PROVIDED DATA section start

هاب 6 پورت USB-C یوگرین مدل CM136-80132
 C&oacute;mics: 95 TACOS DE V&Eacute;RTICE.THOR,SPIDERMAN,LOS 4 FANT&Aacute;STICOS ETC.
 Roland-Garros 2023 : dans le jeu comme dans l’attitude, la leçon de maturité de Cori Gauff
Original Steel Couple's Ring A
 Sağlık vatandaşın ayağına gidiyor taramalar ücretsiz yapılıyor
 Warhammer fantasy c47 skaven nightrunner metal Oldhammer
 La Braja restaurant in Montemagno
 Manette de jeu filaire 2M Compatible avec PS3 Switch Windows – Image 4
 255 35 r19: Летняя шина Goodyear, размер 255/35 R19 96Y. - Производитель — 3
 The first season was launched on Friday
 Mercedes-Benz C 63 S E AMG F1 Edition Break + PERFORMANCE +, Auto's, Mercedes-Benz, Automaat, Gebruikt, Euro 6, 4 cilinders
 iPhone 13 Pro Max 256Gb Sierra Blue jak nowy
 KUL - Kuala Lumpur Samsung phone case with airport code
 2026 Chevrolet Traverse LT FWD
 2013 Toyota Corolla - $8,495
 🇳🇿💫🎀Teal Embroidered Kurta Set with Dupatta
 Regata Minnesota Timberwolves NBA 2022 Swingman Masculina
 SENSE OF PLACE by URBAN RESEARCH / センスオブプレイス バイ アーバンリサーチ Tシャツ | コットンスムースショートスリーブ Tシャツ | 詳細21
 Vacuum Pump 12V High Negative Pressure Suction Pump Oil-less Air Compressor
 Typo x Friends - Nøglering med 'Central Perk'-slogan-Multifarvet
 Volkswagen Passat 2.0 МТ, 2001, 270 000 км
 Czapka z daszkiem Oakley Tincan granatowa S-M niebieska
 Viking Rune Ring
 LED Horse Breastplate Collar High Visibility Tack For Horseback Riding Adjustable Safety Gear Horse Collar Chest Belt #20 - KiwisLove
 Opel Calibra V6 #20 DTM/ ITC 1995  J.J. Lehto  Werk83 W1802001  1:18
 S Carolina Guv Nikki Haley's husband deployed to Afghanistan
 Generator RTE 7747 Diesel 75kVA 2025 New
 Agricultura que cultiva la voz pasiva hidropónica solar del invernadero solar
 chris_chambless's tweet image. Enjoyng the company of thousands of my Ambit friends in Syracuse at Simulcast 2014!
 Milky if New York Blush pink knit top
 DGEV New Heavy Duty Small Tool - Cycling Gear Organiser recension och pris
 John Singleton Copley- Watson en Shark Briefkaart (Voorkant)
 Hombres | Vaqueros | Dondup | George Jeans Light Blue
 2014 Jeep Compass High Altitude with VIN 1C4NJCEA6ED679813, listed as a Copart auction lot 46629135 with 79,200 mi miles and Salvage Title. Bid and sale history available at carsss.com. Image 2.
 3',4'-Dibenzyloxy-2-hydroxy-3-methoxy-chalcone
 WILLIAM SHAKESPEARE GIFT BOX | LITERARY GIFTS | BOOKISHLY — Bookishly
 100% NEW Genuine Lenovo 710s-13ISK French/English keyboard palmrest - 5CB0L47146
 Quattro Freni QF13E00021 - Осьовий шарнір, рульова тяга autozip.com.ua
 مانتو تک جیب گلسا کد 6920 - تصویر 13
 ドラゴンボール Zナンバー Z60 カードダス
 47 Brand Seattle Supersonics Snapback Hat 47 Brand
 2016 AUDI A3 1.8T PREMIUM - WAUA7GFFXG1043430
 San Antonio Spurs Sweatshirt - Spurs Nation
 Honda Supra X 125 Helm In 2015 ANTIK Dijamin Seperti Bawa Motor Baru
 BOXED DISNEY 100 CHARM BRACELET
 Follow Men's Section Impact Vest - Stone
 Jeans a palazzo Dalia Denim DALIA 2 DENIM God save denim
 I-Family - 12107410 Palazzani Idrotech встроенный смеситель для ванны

PROVIDED DATA section end

* EXERCISE
The answer must consist of every line above that contains the word "Gear".

* RESPONSE TO THIS EXERCISE
 LED Horse Breastplate Collar High Visibility Tack For Horseback Riding Adjustable Safety Gear Horse Collar Chest Belt #20 - KiwisLove
 DGEV New Heavy Duty Small Tool - Cycling Gear Organiser recension och pris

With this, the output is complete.